# Spouse visa - proof of communication question



## Twine (Oct 23, 2015)

Hi again, my wife and I are applying soon and we're just gathering our evidence of communication at the moment. We met online in January 2014, and chatted for several months before we became a couple in August 2014. We didn't actually physically meet until May 2015 but consider ourselves to have been a couple from the August '14. My question is do we need to provide evidence of our communication from when we first started to chat in January '14 or just from when we became a couple in the August? Thanks!


----------



## kensP-51 (Aug 1, 2015)

A reasonable amount of all forms of communication is best. I personally sent my communications from day one. You will have to prove to them your relationship is genuine. They will scrutinize every application to prove otherwise. I have witnessed many applications that failed because of this.


----------



## Twine (Oct 23, 2015)

Okay, thanks very much!


----------



## Twine (Oct 23, 2015)

Do you guys feel this is an adequate representation/sample of a month? We thought we'd do something like this for every 2/3 months since we started on skype.

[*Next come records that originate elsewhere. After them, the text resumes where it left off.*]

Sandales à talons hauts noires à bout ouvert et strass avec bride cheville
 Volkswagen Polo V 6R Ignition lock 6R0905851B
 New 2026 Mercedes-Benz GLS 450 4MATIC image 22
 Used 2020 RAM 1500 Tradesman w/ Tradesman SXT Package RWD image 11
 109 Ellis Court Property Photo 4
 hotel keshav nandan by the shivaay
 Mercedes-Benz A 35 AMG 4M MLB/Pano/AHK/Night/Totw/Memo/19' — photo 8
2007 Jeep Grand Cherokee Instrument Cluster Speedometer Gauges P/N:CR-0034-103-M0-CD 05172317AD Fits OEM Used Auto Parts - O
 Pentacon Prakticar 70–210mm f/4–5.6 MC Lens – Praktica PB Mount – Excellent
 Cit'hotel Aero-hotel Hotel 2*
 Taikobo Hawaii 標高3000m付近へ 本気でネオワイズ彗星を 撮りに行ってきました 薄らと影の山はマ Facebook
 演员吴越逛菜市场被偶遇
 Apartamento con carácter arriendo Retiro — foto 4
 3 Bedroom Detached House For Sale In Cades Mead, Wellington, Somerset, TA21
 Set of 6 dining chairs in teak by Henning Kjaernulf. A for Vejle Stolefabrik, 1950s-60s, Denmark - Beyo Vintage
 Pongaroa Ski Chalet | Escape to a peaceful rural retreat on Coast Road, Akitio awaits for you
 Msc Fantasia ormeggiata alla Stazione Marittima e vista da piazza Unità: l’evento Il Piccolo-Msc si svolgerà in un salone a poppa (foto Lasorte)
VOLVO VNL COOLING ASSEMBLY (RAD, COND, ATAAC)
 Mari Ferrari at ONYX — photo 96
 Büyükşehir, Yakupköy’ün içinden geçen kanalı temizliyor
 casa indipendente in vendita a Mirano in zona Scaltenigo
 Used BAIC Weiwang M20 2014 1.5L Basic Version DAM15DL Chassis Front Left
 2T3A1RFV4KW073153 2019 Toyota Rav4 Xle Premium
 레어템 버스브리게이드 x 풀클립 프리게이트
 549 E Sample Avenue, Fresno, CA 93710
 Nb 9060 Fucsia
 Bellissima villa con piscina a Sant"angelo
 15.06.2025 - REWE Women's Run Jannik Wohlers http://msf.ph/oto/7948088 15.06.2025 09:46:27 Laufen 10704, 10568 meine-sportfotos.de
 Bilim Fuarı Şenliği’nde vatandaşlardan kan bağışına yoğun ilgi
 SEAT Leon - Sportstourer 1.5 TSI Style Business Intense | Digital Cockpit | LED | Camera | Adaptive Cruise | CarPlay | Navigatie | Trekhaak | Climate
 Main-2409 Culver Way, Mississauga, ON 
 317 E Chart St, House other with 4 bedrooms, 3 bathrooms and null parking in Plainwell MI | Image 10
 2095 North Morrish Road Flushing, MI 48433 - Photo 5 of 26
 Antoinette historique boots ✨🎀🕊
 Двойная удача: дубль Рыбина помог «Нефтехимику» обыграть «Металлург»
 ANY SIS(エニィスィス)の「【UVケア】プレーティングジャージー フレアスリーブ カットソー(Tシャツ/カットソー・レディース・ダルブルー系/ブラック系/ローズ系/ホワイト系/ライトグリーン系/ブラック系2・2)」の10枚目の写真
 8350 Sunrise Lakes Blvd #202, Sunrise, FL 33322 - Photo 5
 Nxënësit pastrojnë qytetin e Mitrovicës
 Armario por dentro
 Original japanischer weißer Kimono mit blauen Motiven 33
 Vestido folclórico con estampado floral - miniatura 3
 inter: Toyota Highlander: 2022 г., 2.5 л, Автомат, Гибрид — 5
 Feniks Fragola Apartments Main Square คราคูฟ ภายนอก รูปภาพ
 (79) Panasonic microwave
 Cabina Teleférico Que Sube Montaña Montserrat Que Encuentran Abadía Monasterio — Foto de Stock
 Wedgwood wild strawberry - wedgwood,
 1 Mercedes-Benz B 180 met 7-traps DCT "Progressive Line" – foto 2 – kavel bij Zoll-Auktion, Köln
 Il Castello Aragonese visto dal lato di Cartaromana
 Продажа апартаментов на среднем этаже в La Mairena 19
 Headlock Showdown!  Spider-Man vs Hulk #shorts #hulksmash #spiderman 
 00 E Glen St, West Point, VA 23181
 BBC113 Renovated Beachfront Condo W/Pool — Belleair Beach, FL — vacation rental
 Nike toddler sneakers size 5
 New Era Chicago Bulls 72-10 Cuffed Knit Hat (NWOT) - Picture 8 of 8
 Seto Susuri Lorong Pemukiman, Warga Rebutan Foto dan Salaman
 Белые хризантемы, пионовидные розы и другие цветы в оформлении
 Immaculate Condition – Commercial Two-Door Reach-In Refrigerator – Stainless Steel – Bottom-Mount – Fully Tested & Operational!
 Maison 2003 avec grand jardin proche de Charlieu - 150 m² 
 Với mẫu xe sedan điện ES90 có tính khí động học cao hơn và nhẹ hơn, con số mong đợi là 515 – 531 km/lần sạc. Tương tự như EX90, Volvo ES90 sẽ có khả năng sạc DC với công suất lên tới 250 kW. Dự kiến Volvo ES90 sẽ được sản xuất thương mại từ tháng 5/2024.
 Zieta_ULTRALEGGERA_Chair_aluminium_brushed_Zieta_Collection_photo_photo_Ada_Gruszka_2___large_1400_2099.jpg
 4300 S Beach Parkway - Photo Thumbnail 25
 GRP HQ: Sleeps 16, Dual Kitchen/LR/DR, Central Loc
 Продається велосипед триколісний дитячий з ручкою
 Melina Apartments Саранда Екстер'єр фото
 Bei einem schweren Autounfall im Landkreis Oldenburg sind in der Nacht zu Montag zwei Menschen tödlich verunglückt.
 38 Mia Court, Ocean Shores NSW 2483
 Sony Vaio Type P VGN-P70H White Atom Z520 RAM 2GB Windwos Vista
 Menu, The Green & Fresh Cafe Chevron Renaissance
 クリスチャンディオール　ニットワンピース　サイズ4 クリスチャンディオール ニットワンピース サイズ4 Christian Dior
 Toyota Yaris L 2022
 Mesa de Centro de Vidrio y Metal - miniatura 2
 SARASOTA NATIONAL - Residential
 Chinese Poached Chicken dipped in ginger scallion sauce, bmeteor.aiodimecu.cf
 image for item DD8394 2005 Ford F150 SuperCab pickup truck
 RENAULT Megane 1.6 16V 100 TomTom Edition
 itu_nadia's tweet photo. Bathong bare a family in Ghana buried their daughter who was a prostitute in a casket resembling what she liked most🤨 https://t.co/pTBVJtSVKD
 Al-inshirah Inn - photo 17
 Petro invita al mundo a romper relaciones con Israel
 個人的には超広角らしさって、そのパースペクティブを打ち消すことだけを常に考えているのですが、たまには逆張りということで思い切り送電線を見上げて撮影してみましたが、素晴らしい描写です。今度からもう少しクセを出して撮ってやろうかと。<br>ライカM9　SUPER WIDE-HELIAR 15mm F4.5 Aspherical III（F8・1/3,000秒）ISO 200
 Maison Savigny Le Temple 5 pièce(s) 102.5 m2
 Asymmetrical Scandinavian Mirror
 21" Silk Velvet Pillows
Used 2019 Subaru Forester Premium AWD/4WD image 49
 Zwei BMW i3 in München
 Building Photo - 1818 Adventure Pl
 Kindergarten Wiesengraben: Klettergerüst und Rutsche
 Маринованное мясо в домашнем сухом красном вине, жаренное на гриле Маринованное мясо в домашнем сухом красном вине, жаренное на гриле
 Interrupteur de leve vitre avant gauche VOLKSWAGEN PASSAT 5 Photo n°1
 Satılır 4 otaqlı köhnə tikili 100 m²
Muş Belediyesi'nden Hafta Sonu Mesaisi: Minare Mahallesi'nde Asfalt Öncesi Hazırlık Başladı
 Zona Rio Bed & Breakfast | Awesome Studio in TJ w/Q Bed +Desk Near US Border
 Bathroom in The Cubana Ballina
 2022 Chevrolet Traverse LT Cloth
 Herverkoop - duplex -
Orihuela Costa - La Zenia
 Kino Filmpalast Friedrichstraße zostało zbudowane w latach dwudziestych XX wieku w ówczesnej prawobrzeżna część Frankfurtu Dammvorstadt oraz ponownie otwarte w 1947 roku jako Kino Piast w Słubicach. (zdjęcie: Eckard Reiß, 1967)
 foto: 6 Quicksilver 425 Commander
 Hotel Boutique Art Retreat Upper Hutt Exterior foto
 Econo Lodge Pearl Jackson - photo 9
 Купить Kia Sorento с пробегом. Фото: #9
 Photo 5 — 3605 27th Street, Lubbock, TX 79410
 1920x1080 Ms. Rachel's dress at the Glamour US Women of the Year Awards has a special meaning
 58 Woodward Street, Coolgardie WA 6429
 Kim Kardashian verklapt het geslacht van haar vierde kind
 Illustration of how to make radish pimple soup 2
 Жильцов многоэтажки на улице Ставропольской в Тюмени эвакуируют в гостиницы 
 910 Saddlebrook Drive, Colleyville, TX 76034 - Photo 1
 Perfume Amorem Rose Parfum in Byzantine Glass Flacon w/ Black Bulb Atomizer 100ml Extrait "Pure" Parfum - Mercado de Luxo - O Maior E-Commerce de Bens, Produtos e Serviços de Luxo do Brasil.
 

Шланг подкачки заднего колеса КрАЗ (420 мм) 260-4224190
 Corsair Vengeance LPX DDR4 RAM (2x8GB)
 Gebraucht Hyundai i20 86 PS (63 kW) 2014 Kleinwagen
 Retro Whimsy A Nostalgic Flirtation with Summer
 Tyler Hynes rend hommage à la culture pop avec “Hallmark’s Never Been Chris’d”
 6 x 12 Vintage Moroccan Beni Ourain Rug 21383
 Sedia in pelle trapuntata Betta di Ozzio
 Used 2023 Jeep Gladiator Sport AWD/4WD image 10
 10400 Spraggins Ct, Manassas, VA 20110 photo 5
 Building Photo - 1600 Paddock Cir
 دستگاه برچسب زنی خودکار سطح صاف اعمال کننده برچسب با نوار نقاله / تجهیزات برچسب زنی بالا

edit. Hmm hasn't worked. Imgur: The most awesome images on the Internet


----------



## kensP-51 (Aug 1, 2015)

Twine said:


> Do you guys feel this is an adequate representation/sample of a month? We thought we'd do something like this for every 2/3 months since we started on skype.
> 
> 
> 
> ...


I am assuming this has been edited to reflect sponsor and applicant but it will be considered that anyway because that could be typed out on and word document and will raise red flags. You need screenshots, 1 per month should do.


----------



## nyclon (Apr 3, 2011)

How long have you been in a relationship? We suggest 1-2 pages every 6 months or so up to a maximum of 15 pages.


----------



## Twine (Oct 23, 2015)

kensP-51 said:


> I am assuming this has been edited to reflect sponsor and applicant but it will be considered that anyway because that could be typed out on and word document and will raise red flags. You need screenshots, 1 per month should do.


Hi there, thanks for the help. Yes, the names were just taken off because I posted it on here. They would still be on for the application! Also, I've read quite a few responses telling people to paste conversations into wordpad. 

I would have no problem with giving screenshots but a single screenshot isn't anywhere near as dense with conversation as it is when pasting into a document like in the above image. If direct skype screenshots are fine though, I am all for it.

Here are a couple of direct skype screenshots. Note, the actual screenshots aren't this blurry. Uploading them onto here made them like that.


----------



## sgkalina (Apr 6, 2012)

Screenshots would be best - otherwise your document shown does look like something typed up in word and the ECO might count that against you


----------



## Twine (Oct 23, 2015)

nyclon said:


> How long have you been in a relationship? We suggest 1-2 pages every 6 months or so up to a maximum of 15 pages.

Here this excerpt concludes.